La pire des craintes : croiser un fantôme

La victime a fini par être transportée dans l’ambulance, mais trop tard. Elle est décédée pendant le trajet vers l’hôpital. Ce genre d’incident suscite un malaise croissant vis-à-vis de la brigade des bienfaiteurs. Por Tek Tung exerce une fonction vitale pour la ville, mais beaucoup lui reprochent de profiter du malheur des autres. La fondation est constamment accusée de vol (les corps arrivent souvent à la morgue sans chaussures, portefeuille, montre ou bijoux). Des rançons auraient même été exigées contre la restitution de certains corps. Au bout du compte, on en sait peu sur le véritable fonctionnement de Por Tek Tung, la fondation n’étant pas soumise à un règlement clair et manquant de transparence. Les volontaires eux-mêmes semblent parfois naviguer à vue. Si plusieurs équipes arrivent en même temps sur un accident, elles peinent parfois à déterminer qui doit donner les ordres et qui doit les exécuter. Dans une situation où chaque seconde compte, cette confusion peut avoir des conséquences fatales. Reste que, quand on voit les bénévoles regagner le quartier général de Por Tek Tung après avoir soigneusement nettoyé le lieu d’une collision entre deux policiers ivres, on a du mal à concevoir que leurs faux pas soient tant décriés.

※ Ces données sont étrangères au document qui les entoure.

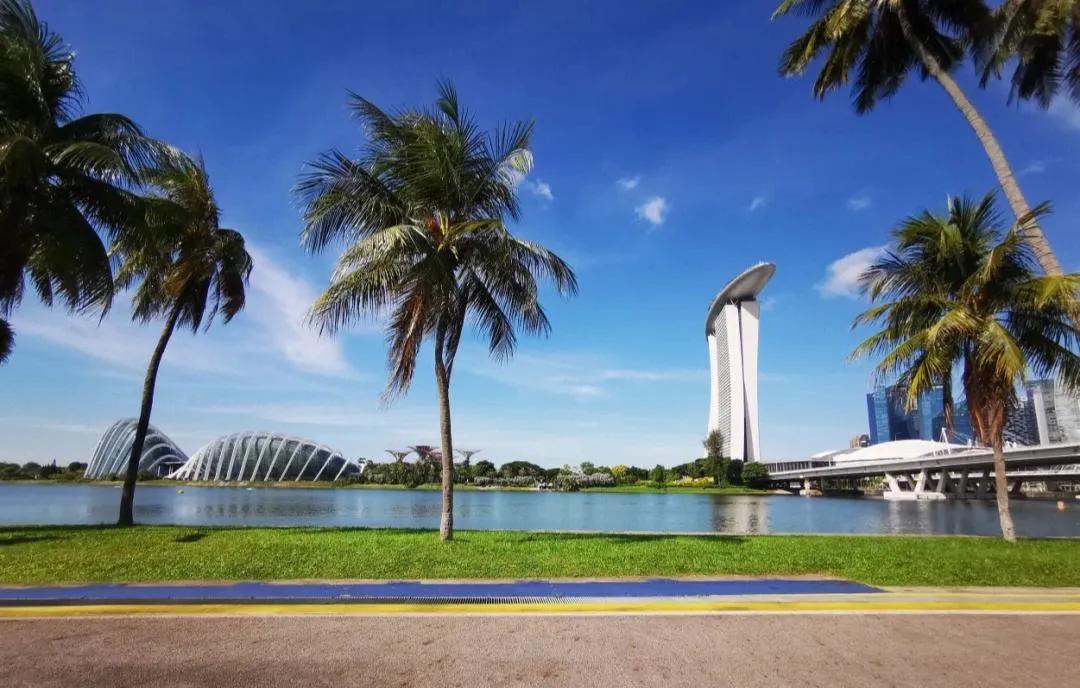 如何轻松拿新加坡PR？两种低门槛方式对比！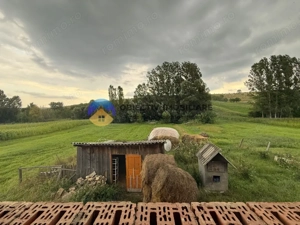 Casa de vanzare - GHINDAOANI 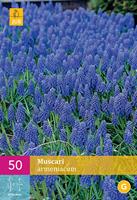 Muscari armeniacumblauw druifje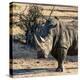 Awesome South Africa Collection Square - Portrait of a Rhinoceros at Sunset-Philippe Hugonnard-Premier Image Canvas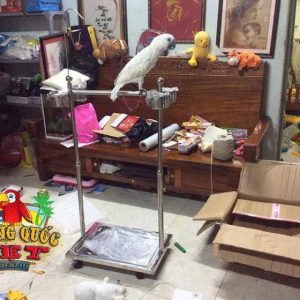 Cầu Đứng Inox Cho Vẹt Lớn - Ảnh 5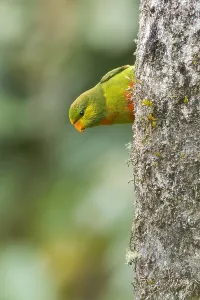 Oceania Nature Scenes Drucke: Orange-billed Lorikeet, Neopsittacus pullicauda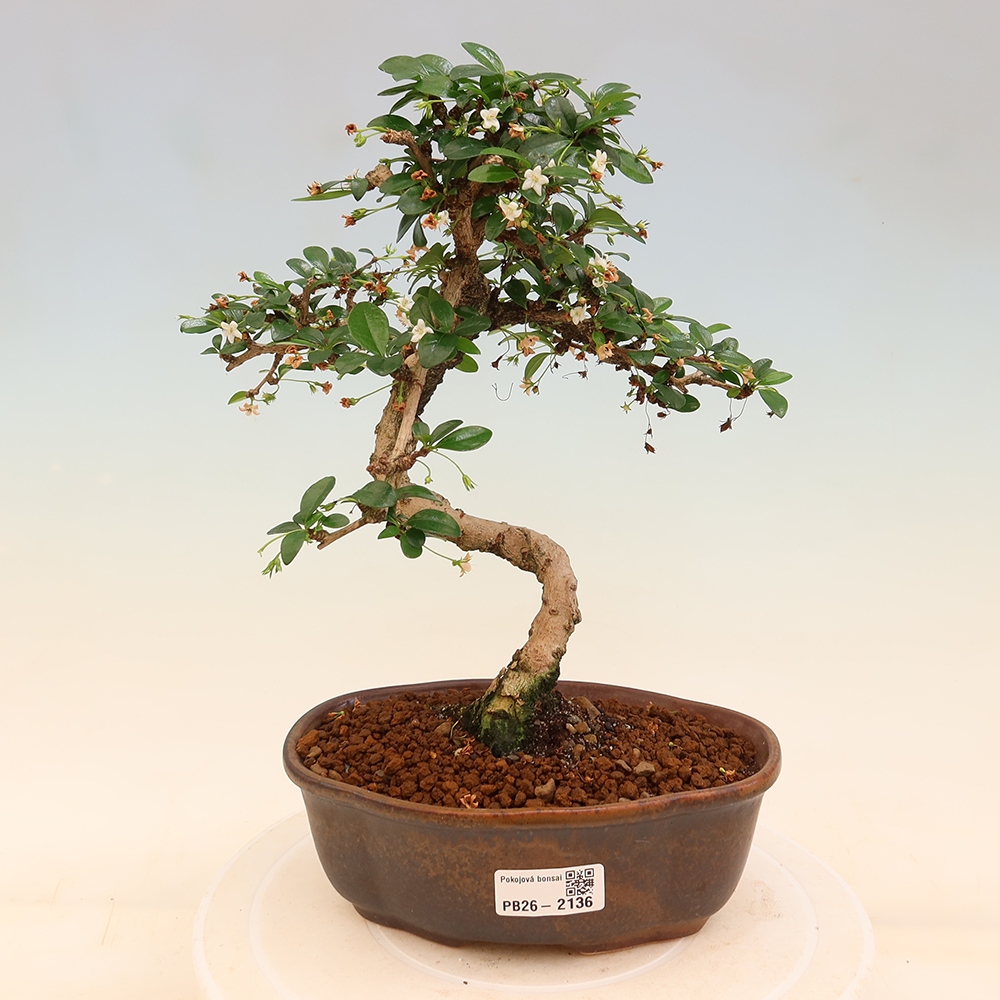 Szobai bonsai - Carmona macrophylla - Tea fuki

L’équipe de cette nuit se détend maintenant en regardant une série télévisée populaire sur un fantôme. Les Thaïlandais redoutent ces créatures. Certains membres du groupe – qui croient que les corps qu’ils transportent hantent leurs camions – plaisantent avec nervosité à propos des rencontres surnaturelles qu’ils ont faites au cours de leurs missions. Noi n’a pas encore eu cette déveine. “Je crois aux fantômes et j’en ai peur, admet-il. Mais ce qui m’effraie le plus, c’est que quelqu’un puisse être blessé dans un accident et qu’il n’y ait personne pour lui porter secours.”